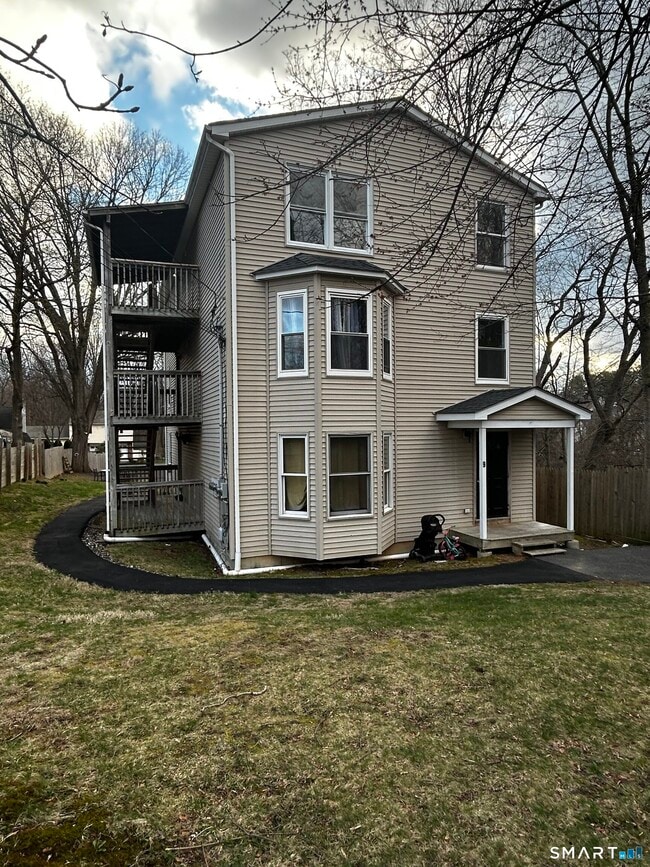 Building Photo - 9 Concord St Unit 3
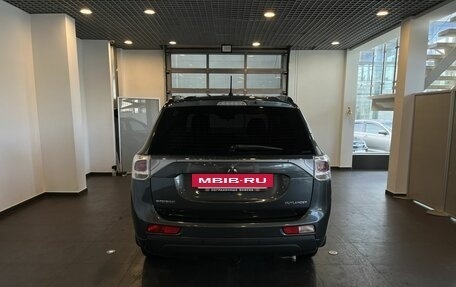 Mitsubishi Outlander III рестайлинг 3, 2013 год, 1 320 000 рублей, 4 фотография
┄┄┄┄┄┄┄┄┄┄┄┄┄┄┄┄┄┄┄┄
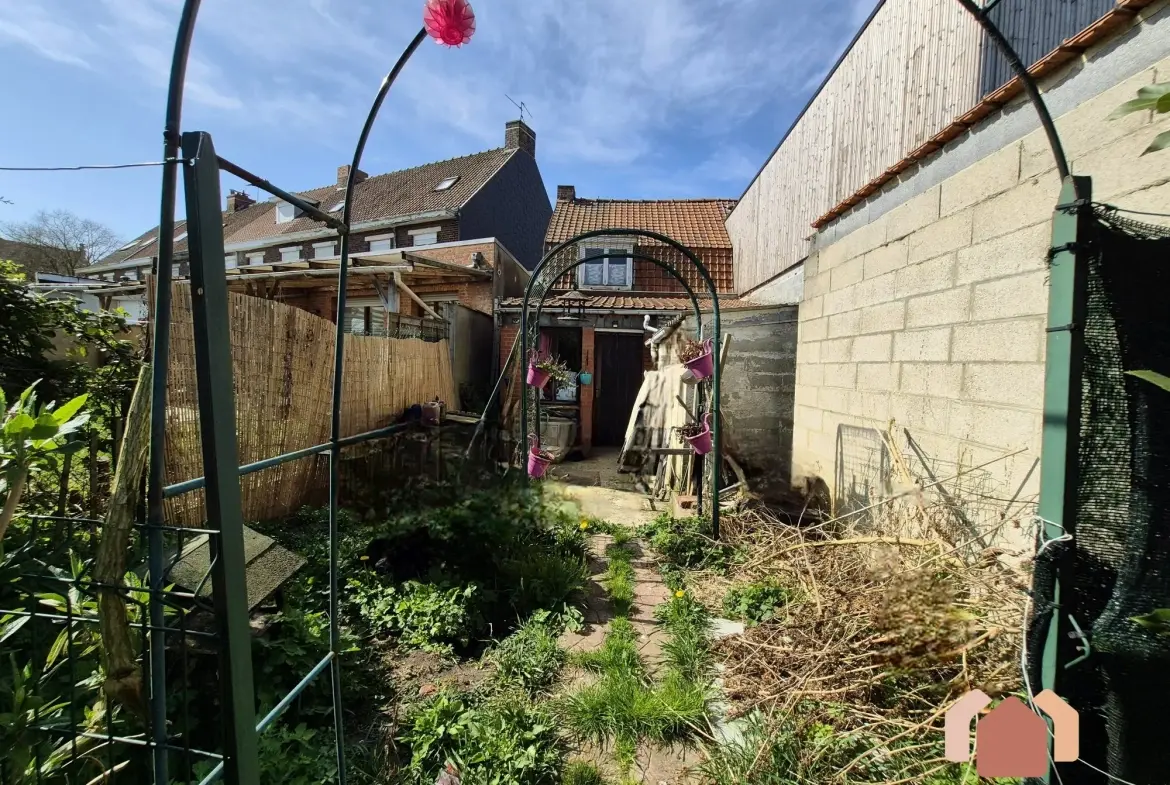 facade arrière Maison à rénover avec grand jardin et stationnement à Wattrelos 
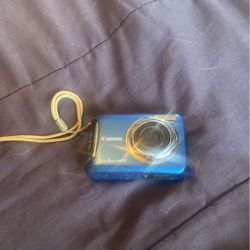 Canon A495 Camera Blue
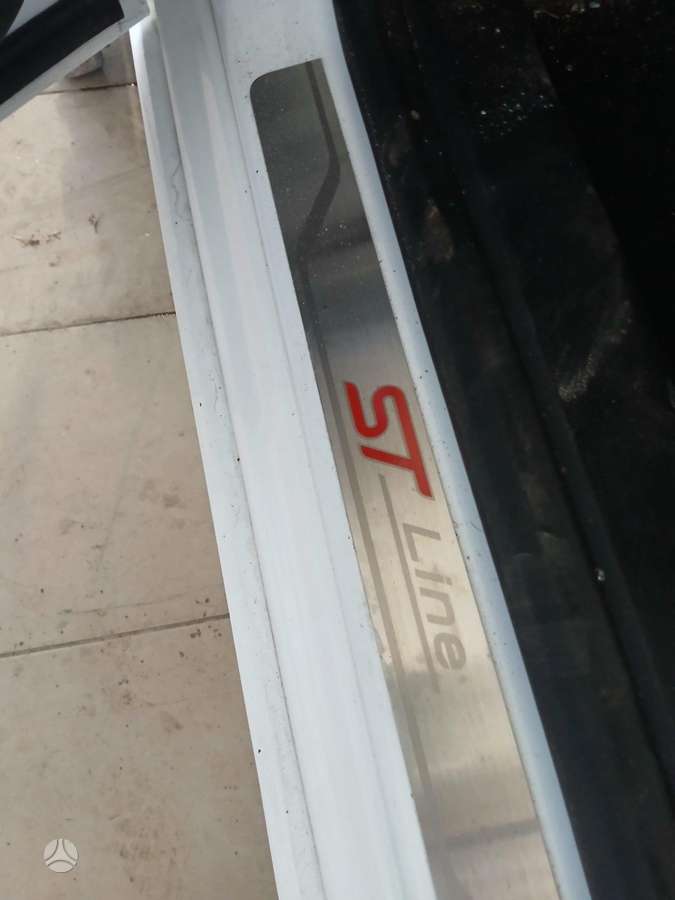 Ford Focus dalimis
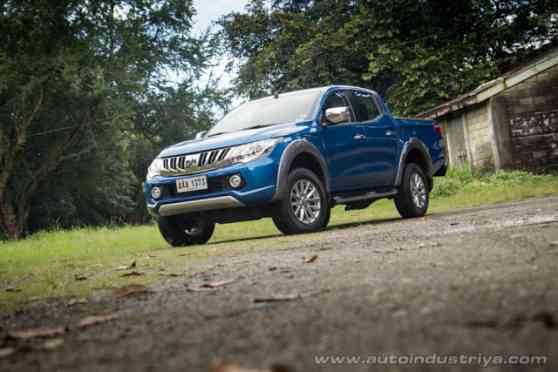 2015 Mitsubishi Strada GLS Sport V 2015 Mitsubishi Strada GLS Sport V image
┄┄┄┄┄┄┄┄┄┄┄┄┄┄┄┄┄┄┄┄
TASK REQUIREMENTS: Every line from the one with "Building Photo - 9 Concord St Unit 3" through the one with "Mitsubishi Outlander III" is to be reproduced exactly as written above, and the pictures are to be dropped.

RESPONSE:
 Building Photo - 9 Concord St Unit 3
 Mitsubishi Outlander III рестайлинг 3, 2013 год, 1 320 000 рублей, 4 фотография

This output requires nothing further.